New William Gibson book: Spook Country

William Gibson's latest novel, Spook Country is out in hardback!

I'm not done yet, but I'm really enjoying it so far. An engaging story, plus he revisits/reconsiders some ideas from Neuromancer and Virtual Light

New Java 7 Column on java.net

The first article of my new column on Java 7 is now up on java.net.

In the article I discuss the jdk7 and OpenJDK projects at java.net, mention some projects that are being developed openly and might become part of Java 7, and speculate that, because of schedule constraints, Java 7 might include a lot less than we were told to expect 10 months ago.

Future installments of the column will, I hope, go into more depth with specific APIs and will actually include code examples.

August 06, 2007

Stupid Paypal Tricks

Some guy named John Richmond, apparently of Milford, Michigan, hacked the HTML form on the Paypal payment page for my Jude software, so that he could send me a payment of two cents instead of the $48 that I actually charge for the software. I validate the payment amount on the server side, of course, so my scripts never sent him a software license. Paypal took the two cents as a transation fee, I got nothing, and Mr. Richmond was, one assumes, two cents wiser.

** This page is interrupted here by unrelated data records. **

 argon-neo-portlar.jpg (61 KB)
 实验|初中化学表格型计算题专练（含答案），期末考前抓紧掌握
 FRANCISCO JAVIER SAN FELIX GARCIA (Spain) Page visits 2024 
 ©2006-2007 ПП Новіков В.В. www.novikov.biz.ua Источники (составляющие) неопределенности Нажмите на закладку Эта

But no, he had the gall to initiate a Paypal dispute demanding that I send him a license or refund his two cents. As part of the dispute process he wrote "I paid what the software was worth". He doesn't like my software so he uses the Paypal to send an insult and then uses the dispute process to yank my chain!

What a jerk!

In addition to griping, the point of this post, I guess, is to get something into Google, so that anyone considering doing business with John Richmond can find out about his jerkiness. Richmond uses the domain name clientsg.com, which is owned by his defunct Michigan corporation "Client Services Group, Inc.". Google shows listings for "Salepoint Inc." at the same address and phone number as "Client Services Group". Salepoint is not a Michigan corporation. Perhaps Richmond consults for salepoint.com, or perhaps he just uses that name for some other business.

Update: Paypal sent the guy his two cents back. So I guess the paypal user agreement allows strangers to send you money for no reason and then demand that you send it back.

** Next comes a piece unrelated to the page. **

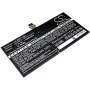 CAMERON SINO batéria Typ DYNR01 G3HTA027H pre Microsoft Surface Pro 4 1724 / CS-MIS172SL
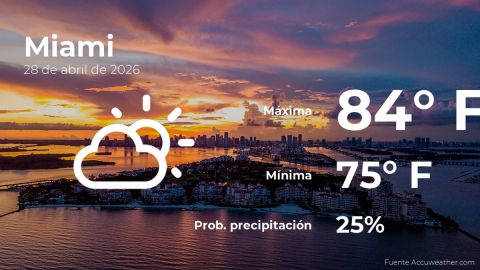 weather-forecast-in-miami-for-this-tuesday,-april-28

Update 2: I'm getting tired of updating this post, but since I've been bashing Mr. Richmond, I should acknowledge a useful and unintentionally funny response I finally got from him. He writes:

Paypal allows you to use encrypted data in your HTML to accept payments.

You need to do this.

Contact paypal for the information on how to send your data as an encrypted block via a web page to paypal so idiots viewing the source code cant see it and modify it.

At least you check the payment amount. You would be amazed at how many sites there are out there that are automated and simply send out the licence when any payment amount is received.

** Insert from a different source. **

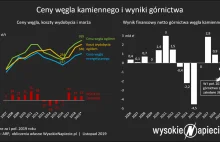 Na zwałach zalega już 13,5 mln ton węgla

The useful part: the info about encryption. Though since this is the only person who has attempted this in three years, I don't think I'll run out and patch my scripts now. The funny part: he acknowledges that he's an "idiot" :-)

Also, the timing of the comment from "me" strongly suggests that it is from Mr. Richmond himself. He seems to call himself "jobu", and he acknowledges that he exploits the weaknesses in sites Paypal scripts.